Alice Hansen from Tasmania has witnessed the evolving demographic of individuals seeking help for alcohol dependency.
In the AA meetings of 2008, I found it hard to connect with the older men as a young woman, she recounted.
However, I noticed a gradual change to see women of my age group; mothers and professionals began to appear.
In theory, Hansen did not conform to the image of a person struggling with alcohol dependence.
She received a tennis scholarship to the U. S., obtained a degree in public relations and journalism, and established a career in the tourism sector.
However, at home, she was concealing bottles in linen closets and in her garden.
She would alter her schedule to ensure access to alcohol and often canceled meetings at the last moment.
Her initial admission the a rehabilitation program for alcohol dependency was prompted by friends and family
When I first entered rehab, I was truly taken aback because I had a stable job, a seemingly perfect life, and solid support, Hansen shared.
The primary obstacle to asking for help is the stigma, and when you finally enter that space, you carry a heavy burden of guilt and shame.
Each year, approximately 40,000 Australians seek treatment in emergency rooms for alcohol withdrawal.
Hansen frequently found herself among the 70 percent of Australians who relapse within one to three months of detoxification. She went back to the same facility 26 times.
It was an unending cycle of predictability, hoping for something different, yet the result was consistently the same, she remarked.
Alcohol had taken so much from me and I often questioned how I could remain optimistic for change while on my 28th trip to rehab
Although hospitals can effectively treat acute withdrawal symptoms over several days, there is a lack of organized follow-up care to avert quick relapses and repeated admissions.
Patients are sent back into the same situations that caused their initial admission, contributing to a predictable cycle of emergency department visits and brief hospital stays.
One aspect of the issue is that society often views alcohol dependence as a personal flaw rather than a systemic issue, according to Faulkner.

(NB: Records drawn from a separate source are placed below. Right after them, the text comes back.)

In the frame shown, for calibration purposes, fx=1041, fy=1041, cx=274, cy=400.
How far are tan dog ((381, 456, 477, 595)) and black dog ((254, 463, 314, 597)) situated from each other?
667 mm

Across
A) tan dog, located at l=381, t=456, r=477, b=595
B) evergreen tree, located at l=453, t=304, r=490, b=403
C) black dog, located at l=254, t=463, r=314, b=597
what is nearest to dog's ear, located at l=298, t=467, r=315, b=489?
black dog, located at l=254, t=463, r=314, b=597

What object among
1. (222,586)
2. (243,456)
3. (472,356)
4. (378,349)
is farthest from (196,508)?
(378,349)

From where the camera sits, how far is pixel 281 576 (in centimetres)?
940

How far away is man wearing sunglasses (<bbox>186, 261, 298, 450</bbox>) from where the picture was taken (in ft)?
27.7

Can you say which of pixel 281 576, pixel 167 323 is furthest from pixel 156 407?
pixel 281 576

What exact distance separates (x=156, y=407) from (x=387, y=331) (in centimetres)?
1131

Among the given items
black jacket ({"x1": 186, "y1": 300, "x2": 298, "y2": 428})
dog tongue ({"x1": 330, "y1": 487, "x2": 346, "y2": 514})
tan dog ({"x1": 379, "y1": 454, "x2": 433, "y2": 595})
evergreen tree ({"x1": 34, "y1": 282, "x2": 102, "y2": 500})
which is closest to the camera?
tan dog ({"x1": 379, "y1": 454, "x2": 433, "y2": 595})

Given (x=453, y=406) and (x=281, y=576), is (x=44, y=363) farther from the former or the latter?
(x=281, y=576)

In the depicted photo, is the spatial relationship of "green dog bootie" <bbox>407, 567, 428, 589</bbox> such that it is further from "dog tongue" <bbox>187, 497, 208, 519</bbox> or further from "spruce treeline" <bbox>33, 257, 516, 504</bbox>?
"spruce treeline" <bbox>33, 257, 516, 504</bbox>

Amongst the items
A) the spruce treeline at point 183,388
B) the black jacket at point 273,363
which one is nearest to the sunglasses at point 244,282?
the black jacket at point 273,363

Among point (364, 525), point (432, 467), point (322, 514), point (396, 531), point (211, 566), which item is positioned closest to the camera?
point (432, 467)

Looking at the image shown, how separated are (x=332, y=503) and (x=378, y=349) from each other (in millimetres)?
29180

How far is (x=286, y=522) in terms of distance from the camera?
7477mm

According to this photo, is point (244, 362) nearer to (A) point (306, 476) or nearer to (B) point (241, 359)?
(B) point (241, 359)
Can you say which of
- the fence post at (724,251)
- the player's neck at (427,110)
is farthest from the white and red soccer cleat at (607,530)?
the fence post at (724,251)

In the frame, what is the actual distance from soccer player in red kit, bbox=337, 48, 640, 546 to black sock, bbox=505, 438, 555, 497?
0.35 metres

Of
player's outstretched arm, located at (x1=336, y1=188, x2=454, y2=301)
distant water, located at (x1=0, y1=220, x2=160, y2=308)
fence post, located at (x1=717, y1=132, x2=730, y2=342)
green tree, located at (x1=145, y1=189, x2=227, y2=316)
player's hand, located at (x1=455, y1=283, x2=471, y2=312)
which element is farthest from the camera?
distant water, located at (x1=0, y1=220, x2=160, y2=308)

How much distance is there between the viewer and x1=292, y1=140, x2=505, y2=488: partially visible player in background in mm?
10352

After the detox phase, individuals are extremely susceptible as their nervous systems are adjusting. Withdrawal leads to stress and hormonal shifts, putting the body in a heightened state of alertness, she explained.
We are expecting individuals in this stressed and depleted condition, lacking dopamine, to muster the determination to improve and make changes. This is not a setting conducive to fostering willpower.

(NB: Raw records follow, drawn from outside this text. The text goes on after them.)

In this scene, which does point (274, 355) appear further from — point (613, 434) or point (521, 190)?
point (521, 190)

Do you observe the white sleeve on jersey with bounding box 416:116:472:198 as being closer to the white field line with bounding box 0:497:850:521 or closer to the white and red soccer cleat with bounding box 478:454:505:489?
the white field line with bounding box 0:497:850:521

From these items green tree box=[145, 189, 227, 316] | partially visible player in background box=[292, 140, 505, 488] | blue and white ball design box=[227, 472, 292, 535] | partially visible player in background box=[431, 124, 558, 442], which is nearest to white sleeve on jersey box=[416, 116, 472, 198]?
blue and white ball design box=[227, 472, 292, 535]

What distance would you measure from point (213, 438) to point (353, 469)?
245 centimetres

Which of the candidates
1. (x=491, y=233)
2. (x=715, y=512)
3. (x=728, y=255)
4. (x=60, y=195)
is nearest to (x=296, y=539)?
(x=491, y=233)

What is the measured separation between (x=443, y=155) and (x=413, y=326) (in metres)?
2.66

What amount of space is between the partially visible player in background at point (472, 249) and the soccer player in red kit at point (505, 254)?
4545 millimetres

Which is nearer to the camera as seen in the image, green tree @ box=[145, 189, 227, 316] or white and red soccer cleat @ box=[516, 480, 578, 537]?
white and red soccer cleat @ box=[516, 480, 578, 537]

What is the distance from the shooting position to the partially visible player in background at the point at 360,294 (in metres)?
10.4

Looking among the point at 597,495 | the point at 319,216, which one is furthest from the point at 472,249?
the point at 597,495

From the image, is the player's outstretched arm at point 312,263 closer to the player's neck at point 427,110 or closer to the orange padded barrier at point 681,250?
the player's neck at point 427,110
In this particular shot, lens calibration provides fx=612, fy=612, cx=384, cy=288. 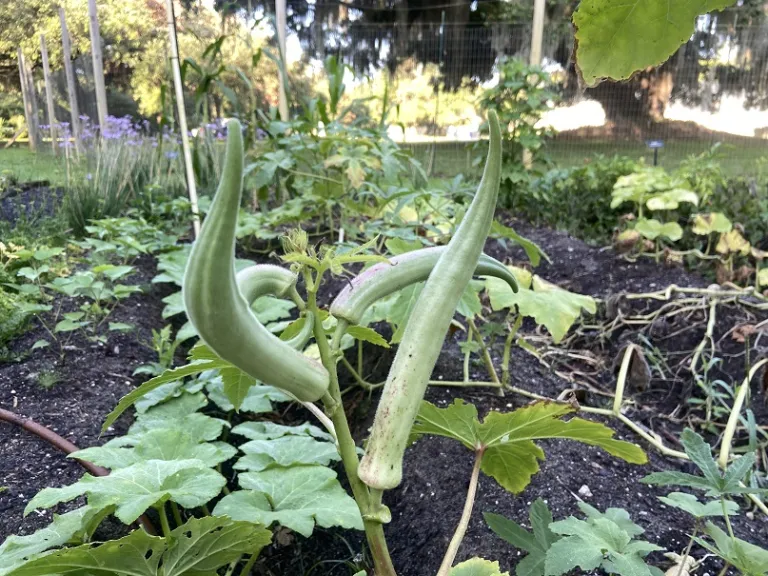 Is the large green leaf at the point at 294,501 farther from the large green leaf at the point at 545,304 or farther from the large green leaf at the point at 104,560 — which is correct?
the large green leaf at the point at 545,304

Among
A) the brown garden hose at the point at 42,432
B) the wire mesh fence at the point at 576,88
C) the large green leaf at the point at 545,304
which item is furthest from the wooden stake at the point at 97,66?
the large green leaf at the point at 545,304

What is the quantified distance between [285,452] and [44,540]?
0.48 meters

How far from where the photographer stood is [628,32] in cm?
70

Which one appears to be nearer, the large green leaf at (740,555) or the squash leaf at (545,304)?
the large green leaf at (740,555)

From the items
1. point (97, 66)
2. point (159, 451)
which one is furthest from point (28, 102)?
point (159, 451)

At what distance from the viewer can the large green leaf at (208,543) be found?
77 centimetres

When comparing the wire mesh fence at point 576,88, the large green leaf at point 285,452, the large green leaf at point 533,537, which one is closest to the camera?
the large green leaf at point 533,537

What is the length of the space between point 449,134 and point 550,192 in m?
3.60

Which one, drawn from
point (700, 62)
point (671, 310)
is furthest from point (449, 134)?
point (671, 310)

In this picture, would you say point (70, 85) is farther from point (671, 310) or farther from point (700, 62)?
point (700, 62)

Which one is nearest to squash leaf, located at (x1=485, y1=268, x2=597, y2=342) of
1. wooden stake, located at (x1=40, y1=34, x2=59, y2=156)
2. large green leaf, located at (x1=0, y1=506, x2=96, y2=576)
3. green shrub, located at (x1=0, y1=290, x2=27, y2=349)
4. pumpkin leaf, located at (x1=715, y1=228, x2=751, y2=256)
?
large green leaf, located at (x1=0, y1=506, x2=96, y2=576)

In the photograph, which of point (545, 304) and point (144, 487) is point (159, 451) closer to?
point (144, 487)

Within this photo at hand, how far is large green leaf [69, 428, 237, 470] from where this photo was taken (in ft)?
3.67

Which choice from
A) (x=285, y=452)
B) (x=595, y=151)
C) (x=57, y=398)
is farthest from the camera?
(x=595, y=151) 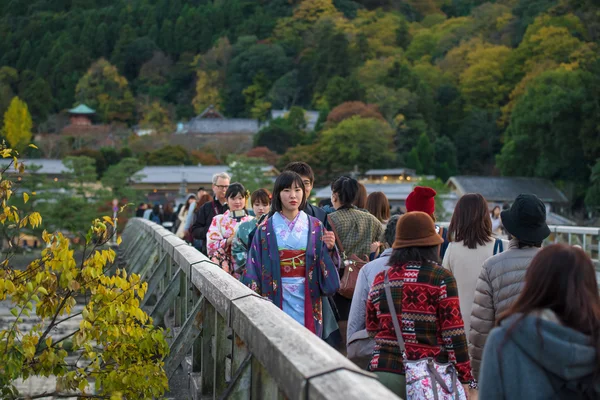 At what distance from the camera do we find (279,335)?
9.41 feet

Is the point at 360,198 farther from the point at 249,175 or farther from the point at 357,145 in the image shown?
the point at 357,145

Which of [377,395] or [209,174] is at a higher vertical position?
[377,395]

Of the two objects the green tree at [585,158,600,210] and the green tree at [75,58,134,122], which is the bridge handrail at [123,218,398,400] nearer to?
the green tree at [585,158,600,210]

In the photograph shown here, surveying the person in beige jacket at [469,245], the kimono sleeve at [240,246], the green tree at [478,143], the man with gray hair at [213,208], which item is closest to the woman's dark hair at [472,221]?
the person in beige jacket at [469,245]

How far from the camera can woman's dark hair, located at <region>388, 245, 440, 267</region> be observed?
392cm

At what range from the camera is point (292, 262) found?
5082 millimetres

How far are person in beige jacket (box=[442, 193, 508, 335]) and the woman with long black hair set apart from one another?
2618 millimetres

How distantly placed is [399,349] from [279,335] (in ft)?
3.73

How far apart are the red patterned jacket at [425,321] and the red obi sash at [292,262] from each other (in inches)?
47.6

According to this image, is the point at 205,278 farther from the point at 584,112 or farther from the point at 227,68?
the point at 227,68

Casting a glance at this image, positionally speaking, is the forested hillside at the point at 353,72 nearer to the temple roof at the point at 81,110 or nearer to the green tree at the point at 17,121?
the temple roof at the point at 81,110

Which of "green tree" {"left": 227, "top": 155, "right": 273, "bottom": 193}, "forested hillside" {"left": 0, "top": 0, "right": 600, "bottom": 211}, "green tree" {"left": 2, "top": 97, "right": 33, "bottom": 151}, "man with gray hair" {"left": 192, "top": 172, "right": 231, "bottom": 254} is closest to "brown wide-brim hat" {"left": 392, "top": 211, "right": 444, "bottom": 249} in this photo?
"man with gray hair" {"left": 192, "top": 172, "right": 231, "bottom": 254}

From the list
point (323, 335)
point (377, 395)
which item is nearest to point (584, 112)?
point (323, 335)

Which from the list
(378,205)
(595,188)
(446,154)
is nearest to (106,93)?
(446,154) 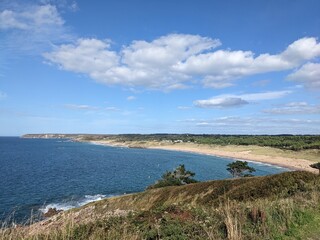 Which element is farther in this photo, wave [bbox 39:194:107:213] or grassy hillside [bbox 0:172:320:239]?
wave [bbox 39:194:107:213]

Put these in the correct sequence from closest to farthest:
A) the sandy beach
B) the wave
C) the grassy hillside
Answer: the grassy hillside
the wave
the sandy beach

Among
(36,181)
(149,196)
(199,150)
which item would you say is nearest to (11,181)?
(36,181)

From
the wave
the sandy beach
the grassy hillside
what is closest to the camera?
the grassy hillside

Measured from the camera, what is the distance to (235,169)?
74.6 m

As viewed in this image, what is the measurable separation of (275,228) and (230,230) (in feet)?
5.84

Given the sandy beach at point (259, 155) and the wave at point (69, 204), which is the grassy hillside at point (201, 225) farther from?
the sandy beach at point (259, 155)

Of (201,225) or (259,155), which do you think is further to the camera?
(259,155)

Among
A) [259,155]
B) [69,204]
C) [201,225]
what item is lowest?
[69,204]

Not only do numerous readmissions incur personal costs for the individual, but they also create financial strain on the hospital system.
An individual patient can result in annual acute care expenses ranging from $12,000 to $20,000 without seeing significant improvements in health.
Clean Slate Clinics has crafted a proposal for a pre-budget submission advocating for the establishment of a National Hospital Avoidance Program to address care gaps for individuals after detoxification.
The proposed 90-day program, with an average cost of about $3,700 per patient, aims to replace inpatient admissions and concentrate on minimizing returns to emergency departments.
When a person relapses, it indicates the system is failing to support them at their most vulnerable, rather than the individual failing, Faulkner stated.
It’s a problem that can be solved, and we must nurture the hope that individuals can overcome their dependence on alcohol.
Hansen attributes her changed path and the end of her troubling cycle of readmissions to consistent doctor-led telehealth care after detox. She received regular medical evaluations, managed her medications, and participated in structured planning for times she was at high risk.
Now sober, Hansen participates in marathons, is learning to sail her boat, and organizes retreats in Tasmania.
I began conducting wellness retreats because I endured pain for two decades and wanted to turn that into a purpose by helping others in similar situations, she shared.
If I could go back to 2008, I would advise myself that alcohol wouldn’t provide anything worthwhile, as it demands much more than you are aware of.
I wish I could erase all the hurt and tell myself that I am cherished for who I am, just as I am.